Data Migration – From A To B and everything in-between
Any ’normal‘ person could be forgiven for thinking ‚Data-Migration‘ is just a fancy jargon for ‚copy-and-paste‘. By ’normal‘, I mean people without programming-superpowers.
And to be honest, it is. Shift data from A to B.
However, it is not as straight-forward as one might think. This blog is just a quick insight into „Data-Migration“ without all its technicalities.
A successful migration of data implies that the legacy system – the old system – can be cut off completely so that the new system can give better response times. If the old system cannot be switched off, that means neither the benefit of new system – nor the legacy system – can be utilized to its full potential and hence the project can be considered failed. Data-Migration in large scale is a significant project, or at least should be treated as such – specially considering 83% of data-migration projects either fail or exceed their budgets and schedules.
And that begs the question: WHY ?!
Why migration-projects could fail
Most of the data migration projects, like any other projects, are expected to succeed at their inception. A significant part of the blame for failures lies on misconceptions and inaccurate assumptions about the effort required. For example, an assumption that the data in current system is complete and accurate could lead to complications at later part of the project. Or thinking that an in-house IT department can migrate the whole database clean may result in having to perform data-migration a second time properly. (No offense IT Abteilung. Ihr seid Zuper! <3 )
Most of the complications in migration projects surface during the last quarter of project where millions of data units are being transferred into a new system. All the ‚perfect‘ data may get transferred without a hitch, but with the data units in millions, the probability of everything running smoothly is much more closer to zero than one would like. New adjustments will have to be made. And we cannot tell if next run will be without errors. run-fix-repeat. It takes (unexpected) time. Hello Ms. Over-budget and Mr. Behind-schedule.
Or an unexpected hardware failure. Or maybe database server is down. Or a nuclear war… Okay! I guess you get the point… Data-migration. Not as simple as it first sounds. A lot of things that could go wrong.
So the next questions: What could be done? Is there a happy ending?
Yes, there is!
What are the secret ingredients?
First things first. Business stakeholders (and not only the people with programming-superpowers) must get involved enough in the project to understand the amount of resources that must be invested in order to achieve the expected quality. It is not just about migrating data from A to B but making data fit to the new system. In large scale data migration, it is almost never the case that data units exist independently. They are always interconnected to each other. And the network may look very different in the target system than in the legacy.
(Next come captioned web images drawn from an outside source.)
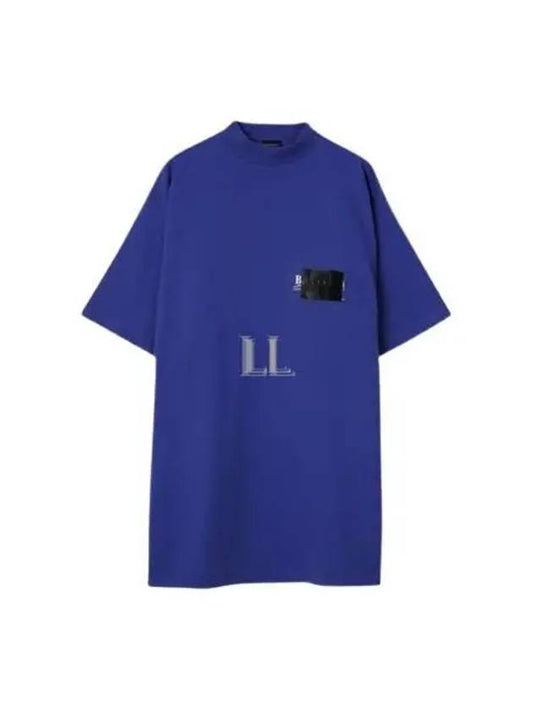 Luxury Balenciaga Gaffer Political Campaign Short Sleeve T-Shirt Blue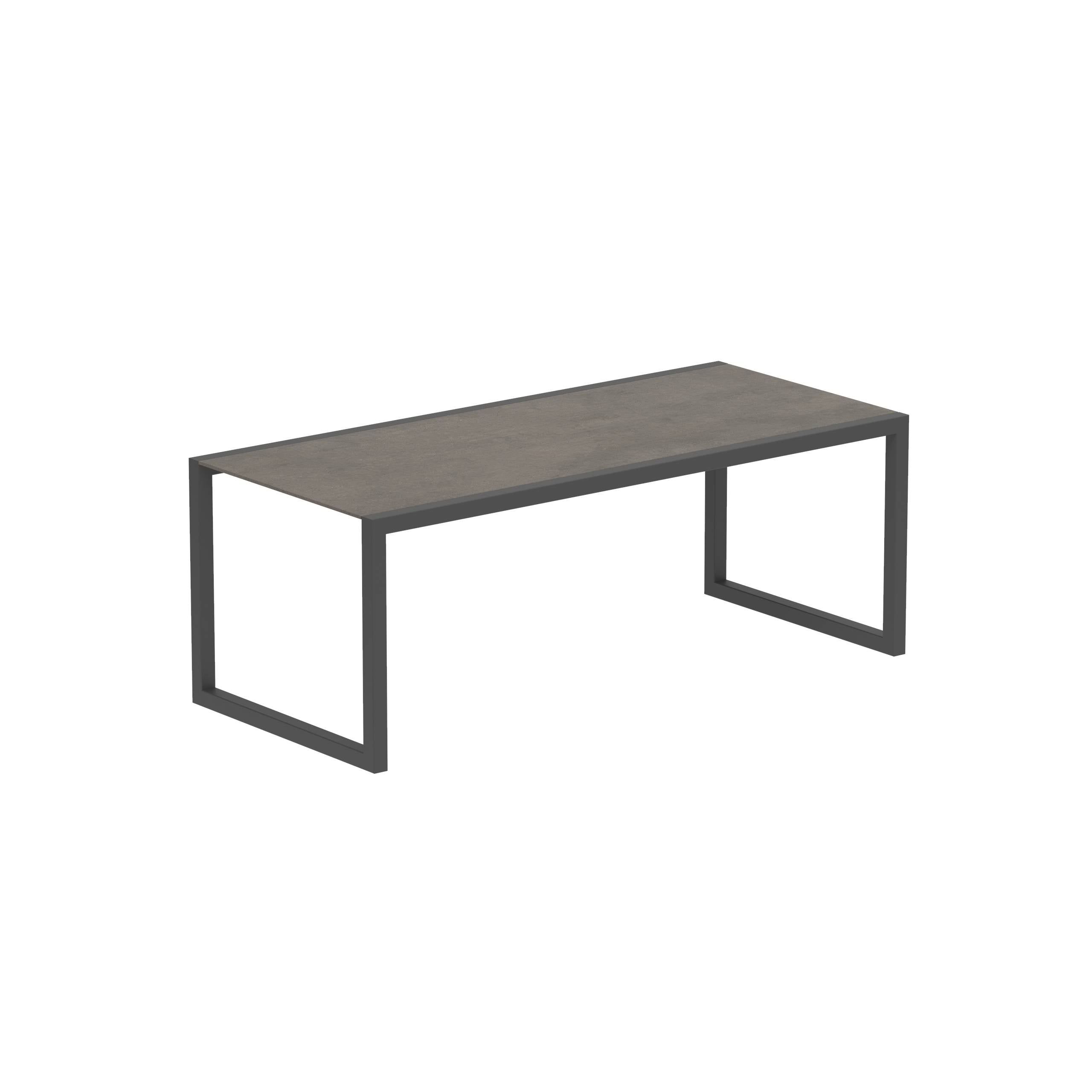 Ninix Table 200x90cm Frame Anthracite + Ceramic Terra Marrone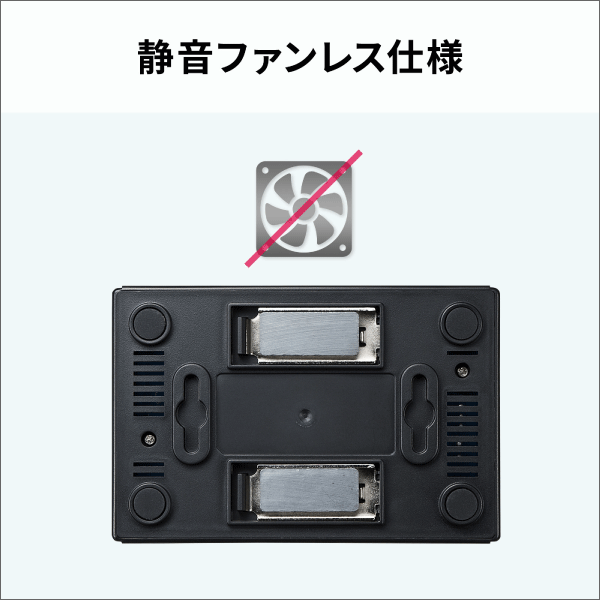 【サンワサプライ】スイッチングハブ（5ポート、マグネット付き） LAN-SWHP501BK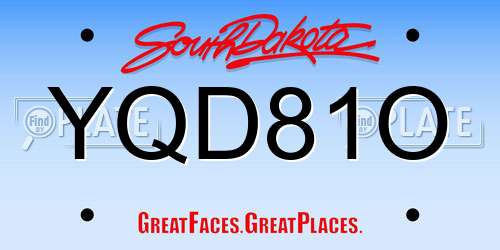 YQD81O South Dakota License Plate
Short story shorter, business stakeholders need to understand that it is not an IT Problem. Now to the secret ingredients.
Extract. Transform. Load.
Extract. Data extraction is not about legacyDatabase.getEverything(). Understanding what (and why) is also very important. What can the new system do that the legacy could not? Practical discussions need to be held on what to migrate and what to leave behind, the true state or consistency of data in legacy compared to what has been documented and the expected quality of data in target system. Data-profiling approach helps in truly understanding the data and expose many risks early in the project. It also helps make an informed estimation of time and effort needed to successfully migrate the data.
Transform. The target system most probably has different system structure than the legacy. A square peg cannot fit in a round hole. And hence the migration. Data need to be cleaned, enriched, modified – in short, transformed. Transformation of data involves making it fit the new system purposefully. More questions will crop up once the implementation starts. What, why, why not, who, how – most likely way to get answers is by asking questions. Just make sure they are asked early enough.
Load. The only thing left now is to load (or store) data in the target system. All the low hanging fruits will have been harvested. Even after doing everything as correctly as possible, it is a valid presumption that a small percentage of data will cause unforeseeable problems that might not have simple solutions. Programming-superpowers must be used. Brains must be stormed. Time must be invested. It is inevitable. However, if the project was well thought through, time, resources and plan to address this very situation would have been built into the project. That means: Hello Mr. Still-on-time and Ms. Calculated.
To the business-stakeholders – it is serious.
To the people with superpowers – it is fun.*
There are many number of other factors that influence the success or failure of a data-migration – or any – project. Large system upgrades, system implementations, new management, new regulations, mergers or whatever the reasons for the need to migrate data in an enterprise scale, it is important to treat data migration as a long process – a crucial Project and not an one-time event.
Undervalued, underestimated complexity, underestimated risk, underestimated effort, insufficient preparation, misconception. Those are the thoughts that come to my mind when I think about someone’s thought who is thinking about data-migration. One might think I am getting a little emotional about data-migration.
Very likely. As I might end up writing a thesis around this topic. :)
Thanks for reading.